③思春期中期の発達課題
「私は誰」の答えを、自分の心に求めていこうとする時期。異性との交流が始まり、また、進路を巡る葛藤や、家から物理的に離れることをめぐる葛藤、つまり「私はどこへいこうとしているのか」という問いへ現実的に答えていく課題に直面します。
高校生になると、中学生の自分の、外見や身体的なところで体験されがちな「私」の個性が、もっと精神的な「私」の個性として体験されるようになります。いわば、それまで、行動や身体を通じて表現してきたものを、言葉で、「私」を表現できるようになります。

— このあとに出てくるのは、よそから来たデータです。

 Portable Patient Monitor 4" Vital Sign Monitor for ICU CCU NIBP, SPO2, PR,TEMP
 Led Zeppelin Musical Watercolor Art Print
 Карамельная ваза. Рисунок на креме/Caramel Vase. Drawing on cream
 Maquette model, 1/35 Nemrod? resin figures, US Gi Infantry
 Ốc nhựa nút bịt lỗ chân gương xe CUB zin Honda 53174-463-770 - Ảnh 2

それとともに、異性との付き合いも始まり、「性」が単に身体的なものから、「人」との情緒的なつながりであることを経験し始めます。それはまた、男の子が、男性性を取り入れ、女の子が女性性を取り入れることができてはじめて、異性を受け入れる準備ができるのです。そして、また、大学進学を目前にして、進路をめぐって、また、物理的に親から離れて生活を始めることをめぐって、分離不安が高まります。
④思春期後期の発達課題
社会人になるための最終的な準備の時期です。組織の中で、継続した一定した役割と責任を果たし、「仕事」を遂行するための訓練する期間です。これをもって大体「私は誰?」「私はどこへ行こうとしているのか?」という問いに一応の答えを出します。一応というのは、実は、この二つの思春期的な問いは、基本的には一生続きます。特に、人生の大きな節目、転職、離婚、病気等に直面すると、この二つの問いが再び活性化します。

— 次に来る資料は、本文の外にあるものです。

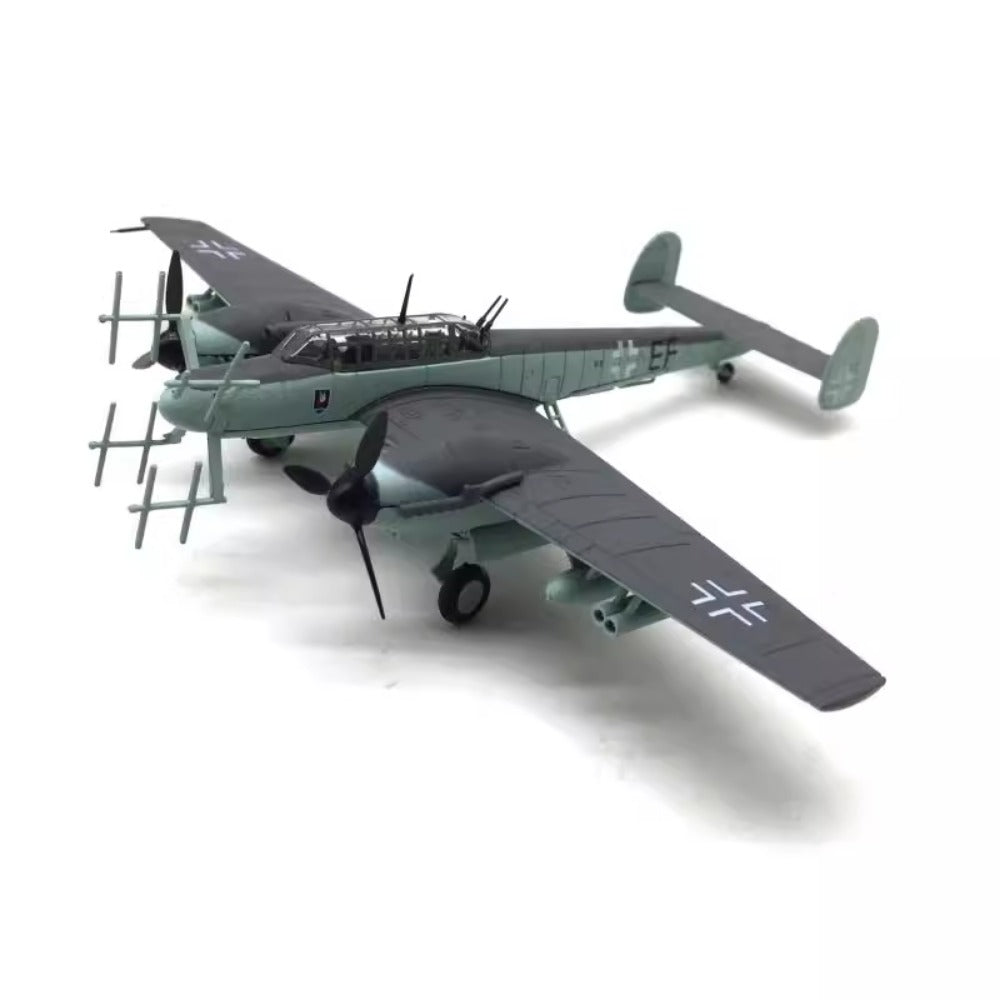 1/100 Scale Messerschmitt Bf 110 G-4 German WWII Night Fighter Diecast Model Aircraft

大学生の時期は、社会人となるための最終的な準備期間ですが、一方で、人生の進路選択に沿った専門的な知識と技術を身につけるという課題と、サークルやバイトを通じて、擬似社会あるいは組織の構成員として役割と責任を果たすことが求められます。また、仲間づきあいは、同性であれ異性であれ、実務的にも精神的にもより継続的で深まりのある関係を構築できるようになります。